En una rápida radiografía del asunto, el problema de la droga intervenida, en el caso de Málaga, es el siguiente: cuarteles y comisarías atestadas por los alijos que decomisan sus agentes; el depósito de Sanidad Exterior, convertido en un embudo donde entran más kilos de los que salen; largos traslados por carretera para su destrucción en hornos de otras provincias; y el evidente peligro que supone guardar en un edificio público decenas de toneladas de estupefacientes con un valor millonario en el mercado del narcotráfico. Un riesgo este último que el pasado noviembre se tornó en realidad con el asalto al almacén del puerto.
El Ministerio del Interior parece haber tomado nota de estos precedentes y ha decidido cambiar el proceso que se sigue para la destrucción de las sustancias incautadas por las Fuerzas de Seguridad del Estado en su quehacer diario. Así lo anunció ayer en el Congreso el titular de la cartera, Jorge Fernández Díaz, quien afirmó que se fijará un protocolo «expeditivo» pero que, al mismo tiempo, salvaguarde todas las garantías procesales que requieren estos asuntos.
Cuarteles atestados
El problema del almacenaje de la droga incautada no es nuevo. SUR publicó el 9 de mayo de 2010 que los cuarteles de la provincia se encontraban saturados -en esos momentos, almacenaban más de 23.000 kilos de estupefacientes- por la lentitud en la eliminación de las partidas intervenidas.

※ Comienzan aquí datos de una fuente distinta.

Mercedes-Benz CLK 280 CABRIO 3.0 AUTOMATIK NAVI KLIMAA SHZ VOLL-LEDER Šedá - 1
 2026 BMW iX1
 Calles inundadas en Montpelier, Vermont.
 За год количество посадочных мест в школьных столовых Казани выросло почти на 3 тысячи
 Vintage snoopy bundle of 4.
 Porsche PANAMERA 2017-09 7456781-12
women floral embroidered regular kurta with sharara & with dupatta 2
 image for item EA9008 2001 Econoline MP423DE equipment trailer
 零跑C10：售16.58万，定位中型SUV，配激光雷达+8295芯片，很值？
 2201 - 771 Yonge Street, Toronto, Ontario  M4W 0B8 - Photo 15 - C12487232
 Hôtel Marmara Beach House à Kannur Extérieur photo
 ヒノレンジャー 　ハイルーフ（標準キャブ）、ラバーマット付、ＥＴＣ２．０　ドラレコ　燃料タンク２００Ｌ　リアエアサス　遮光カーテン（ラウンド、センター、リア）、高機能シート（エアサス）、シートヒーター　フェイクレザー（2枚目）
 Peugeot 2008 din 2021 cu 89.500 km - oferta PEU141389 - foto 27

El asunto se trató entonces en la mesa de coordinación de Policía Judicial, alrededor de la cual se sentaron el presidente de la Audiencia Provincial, el fiscal jefe, los jueces decanos de Málaga y Melilla y los principales mandos de la Guardia Civil, la Policía Nacional y la Autonómica.
Año y medio después, el depósito de la droga del puerto fue asaltado por una banda de ladrones que consiguió burlar todas las medidas de seguridad del recinto. Los cacos llegaron hasta el corazón del almacén y reventaron con una lanza térmica la cámara acorazada donde se guardaban 300 kilos de estupefacientes en polvo, principalmente heroína y cocaína. La policía creó un equipo de trabajo multidisciplinar para esclarecer el espectacular golpe, que aún sigue bajo investigación.
Para entonces, la saturación de dependencias policiales convertidas en improvisados almacenes de droga se había aliviado ligeramente. Cuando se produjo el robo, los cuarteles de la Guardia Civil guardaban unos 15.000 kilos, mientras que las comisarías tenían alrededor de cinco toneladas.
Tras el asalto, la Unidad de Sanidad Exterior, que gestiona el depósito, comenzó el inventario de la mercancía para averiguar la cantidad sustraída, lo que implicaba el recuento pormenorizado y análisis de cada una de las partidas que allí se almacenaban. Las fuentes consultadas aseguraron que ese tedioso proceso, que se prolongó durante semanas, volvió a ralentizar el ritmo de destrucción de los alijos, aunque matizaron que poco a poco se ha ido recuperando la normalidad.